I wouldn't worry about the lawn- that heals in a few weeks. I move
a 10' square shed around [no sheetrock- but I've quit emptying it for
the last two moves] on a track of greased landscape timbers. I work
alone and use a 6' pry bar to scoot it along the timbers. I put
a 2x4 'skirt' around the bottom so the prybar doesn't mar the siding.
I've moved it 20 feet south, then 10 feet west, and then 10 feet
northeast over the years. It's none the worse for wear.
>Is there something that
>we could rent that would help in this? Or does it make sense to scout
>around for round poles (old telephone poles?) to roll it into place? Any
>sage advice on this?
I tried rollers & found that it always wanted to roll in the wrong
direction, the rollers would turn, etc. If I was working with a
crew of 4-5 people I might try several 24" long pieces of 2" iron
pipe. That *might* work without the mess of grease---- but for 5
feet I'd probably still go with 2 landscape timbers [those 3x5
cheapies are fine- just pick out a couple smooth ones] and a couple
pounds of axle grease. [crisco would probably work if you want to
stay 'green']
Jim
I'd guesstimate it weighs 4,000#-5,000#. I wouldn't put it on
cinderblocks since that will just make it difficult to get it down off
the blocks to move it. Put it down on a few PT 4x4s, just enough so you
can get a jack under it. Get a couple of the mechanical "Hi Lift" jacks
so you can lift it again. A half dozen 2" sch 40 PVC pipes will be
sufficient for rollers. The jacks will also be useful for the eventually
move to push / pull the shed into place.
I've done essentially the same thing with a 40' cargo container
(~10,000#), using one Hi Lift jack and some smaller logs for rollers
(what I had on hand), moving the container about 80' over pretty rough
terrain. I suggest two jacks for your shed, since I don't think a
conventionally framed wood structure will handle single point jacking as
well as a steel container.
It's not that difficult really, just plan each move carefully first, and
as with most all rigging, don't lift anything any higher than necessary.

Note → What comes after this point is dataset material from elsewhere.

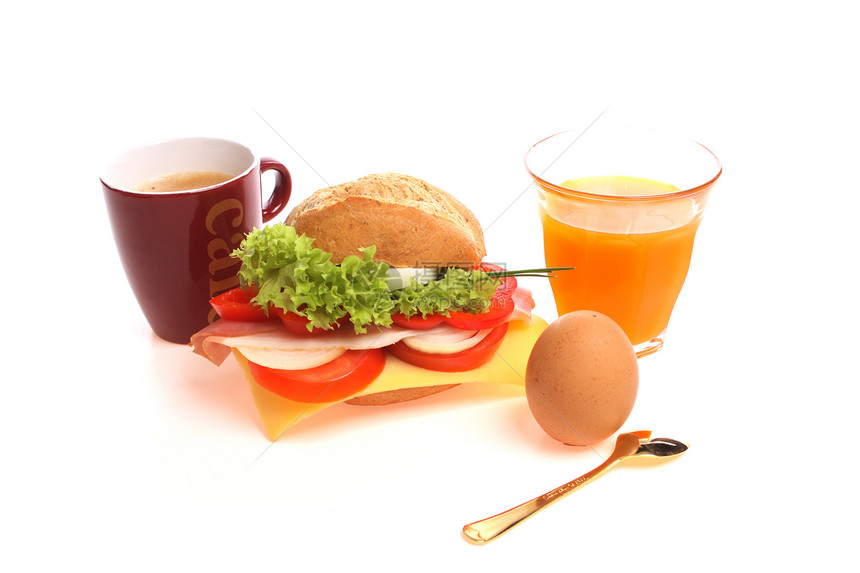 早餐面包卷营养咖啡午餐饮食包子粉状用餐水平白色产品图片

In this area, the building movers have several pieces of PVC pipe and put it
under the building and roll it in place if they can not get the truck in the
exect place.
so your getting a nice insulated and drywalled shed:)
DONT PUT IT ON GRAVEL! When it rains moisture will get underneath,
trapped in the gravel, and ruin the drywall and insulation.
pour a proper concrete floor. a nice slab...........
install foundation and move it just once onto the slab........
re: I've moved it 20 feet south, then 10 feet west, and then 10 feet
northeast over the years.
Why? (just curious)
>On Mar 2, 8:40 am, Jim Elbrecht <elbre...@email.com> wrote:
-snip-
>> I've moved it 20 feet south, then 10 feet west, and then 10 feet
>> northeast over the years. It's none the worse for wear.
-snip-
>Why? (just curious)
I knew I should have 'splained that.<g>.
I'm slowly- as in one wheelbarrow load at a time, and no more than 5-6
loads in a day- re-grading the back of my property to eliminate the
'river' that runs through my garage each spring.
First move was to get it out of the way. . . second move was after a
change of plans put it in the way again. . . and the third one has it
about where I want it. [this year, anyway]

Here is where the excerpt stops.